Miami-Dade County Public Schools needed a uniform online platform. In the spring, when schools shut down on a day’s notice and quickly pivoted to online learning, teachers were allowed to use whatever platform they felt comfortable using. Parents complained that it was difficult to navigate and communicate across several platforms.

The district said it only had two choices when it came to picking an online platform for the 2020-21 school year. Turned off by the lack of customization offered by Florida Virtual School, school officials granted a $15 million no-bid contract to My School Online.

Education conglomerate K12, a for-profit online learning company that builds software for virtual charter schools, created the platform.

Teachers frustrated with My School Online’s rollout and training circulated articles about how U.S. Secretary of Education Betsy DeVos and her husband were early investors in K12. They also pointed to how former California Attorney General and current Democratic vice-presidential candidate Kamala Harris in 2016 oversaw a $168.5 million settlement with K12 over alleged violations of the state’s laws against false claims, false advertising and unfair competition.

In interviews and statements, district officials said there wasn’t much they could do until the Florida Department of Education approved Miami-Dade’s reopening plan on July 17; they’ve worked with K12 to speed up the rollout timelines.

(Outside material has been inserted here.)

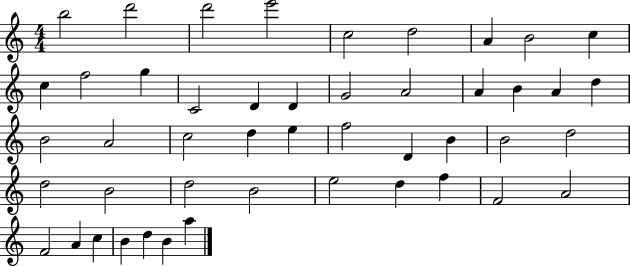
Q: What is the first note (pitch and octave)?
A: B5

“We listened to the voices of parents and teachers who called for a single learning platform,” school district spokeswoman Jackie Calzadilla said in a statement Sunday night. “In six weeks, we have done what some would say would be impossible to achieve—carrying out a massive operation that would normally take several months to complete. We are getting it done thanks to the Miami-Dade County Public Schools teachers who are going above and beyond to pull off one of the largest and most complex implementations in the country.”

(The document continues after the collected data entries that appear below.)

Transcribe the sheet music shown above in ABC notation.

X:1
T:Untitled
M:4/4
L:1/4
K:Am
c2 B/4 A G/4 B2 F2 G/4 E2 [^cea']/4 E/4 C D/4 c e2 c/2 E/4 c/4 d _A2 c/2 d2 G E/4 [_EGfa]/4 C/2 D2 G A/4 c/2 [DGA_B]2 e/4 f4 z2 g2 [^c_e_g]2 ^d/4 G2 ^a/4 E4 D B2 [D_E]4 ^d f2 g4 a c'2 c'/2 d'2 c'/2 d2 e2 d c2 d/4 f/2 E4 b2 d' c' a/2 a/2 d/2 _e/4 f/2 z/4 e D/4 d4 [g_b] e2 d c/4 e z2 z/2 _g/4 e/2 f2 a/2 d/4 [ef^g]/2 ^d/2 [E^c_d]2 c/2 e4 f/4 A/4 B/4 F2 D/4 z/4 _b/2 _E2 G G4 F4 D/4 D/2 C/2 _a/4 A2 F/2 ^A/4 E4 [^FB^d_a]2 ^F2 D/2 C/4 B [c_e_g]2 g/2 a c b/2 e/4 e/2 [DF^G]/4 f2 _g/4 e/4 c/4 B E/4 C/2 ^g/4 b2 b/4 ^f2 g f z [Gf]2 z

She added: “The tests that we have run ahead of tomorrow are positive; however, at the end of the day, much like the rest of the country, we are at the mercy of technology.”

On Sunday morning, teachers awoke to an email offering $100 to those who set up their online classes by midnight. The incentive came from the Foundation for New Education Initiatives, a nonprofit organization that Miami-Dade Schools Superintendent Alberto Carvalho started when he began as superintendent in 2008. He is the foundation’s chair.

“As a gesture of gratitude for their extraordinary commitment to provide students with an optimal schooling experience from day one, the Foundation for New Education Initiatives, through a K12 donation, is recognizing teachers who schedule their Class Connects by 11:59 p.m. today with a token of appreciation valued at $100,” the email read.

Miami-Dade County School Board Chair Perla Tabares Hantman serves as the foundation’s vice chair, according to its bylaws. Hantman said she did not know about the $100 bonus or the donation from K12.

“Nothing. Absolutely nothing,” Hantman said. “I found out this morning from a tweet and from a text that was sent to [School Board members] from the chief of staff [Jaime Torrens]. That’s the first time I heard about it.”

She says she feels for teachers.

“I just know that they’ve been working very hard,” Hantman said. “They really are. Hopefully, they will be able to have a good day tomorrow. That’s what we all pray for.”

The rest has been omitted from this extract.